笹島:なによりマクアケファンがとても多いことです。お客様からこんなにもファンになっていただける会社はそう多くはないんじゃないかと悔しさを覚えるほどです。
「マクアケさんのおかげで新しいステージに進むことができたから、マクアケさんからの提案なら聞いてみたいです」と言ってくださるお客様が多く、本業である「Makuake」で如何にお客様の想いを主語にしてとことん寄り添っているのかを垣間見ることができた瞬間でした。

そして、マクアケ様のお客様で「現状維持で満足している経営者」が非常に少ないというのもかなり特徴的だと思います。自分たちが創りたい新商品・新サービスに対して「Makuake」を活用した際の成功確率は100%ではありません。もしかしたら応援者が集まらないかもしれない不安と期待があるなかでも、現状維持ではなく何か新しいことに挑戦していくという強い想いを持った創業者や代表者と出会えるのがマクアケ様です。プロシェアリングを活用いただく経営者もそういった方が多いので親和性を感じています。
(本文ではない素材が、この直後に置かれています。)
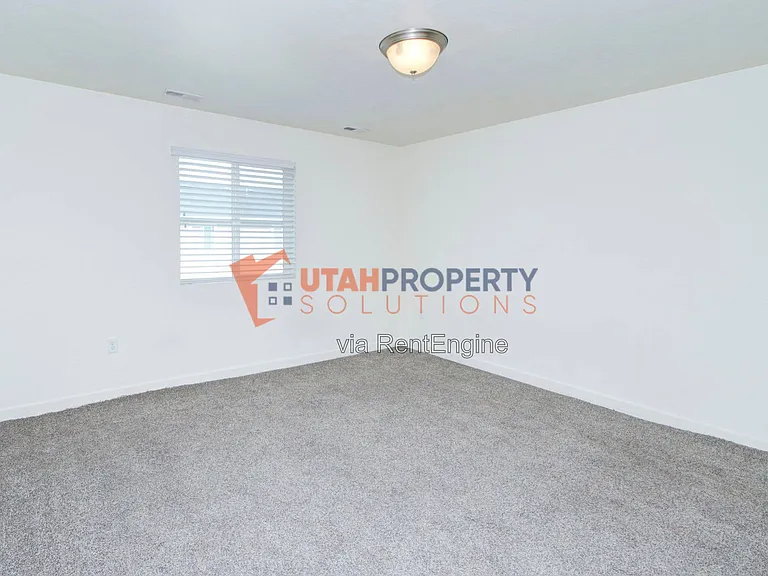 8166 N Broken Spoke Ln — Photo 12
菊地:私も「Makuake」にはおもしろい挑戦者たちが多く集まっていると思います。

──どうしてその様な方が集まるのでしょうか?

菊地:私たちマクアケはインターネット企業として創業して、当時から商談などに関してはリモートでもできる風潮はあったものの、お客様と同じ空気を感じながら対面でご相談ができる機会をなによりも大事にしてきました。お客様と同じ空気を感じながら、時には工場にも足を運び、どういうものづくりをしているのか、どんな社員様がどんな想いで働いているのかを生で見てお客様とともに新しいものを産んでいくことを大切にしてきました。

新しいものを産むというのは前例のない挑戦なので、お客様は「これって本当に売れるのだろうか、どんな評価をされるのだろうか」という不安な気持ちや、様々な反対意見もありながらデビューしていきます。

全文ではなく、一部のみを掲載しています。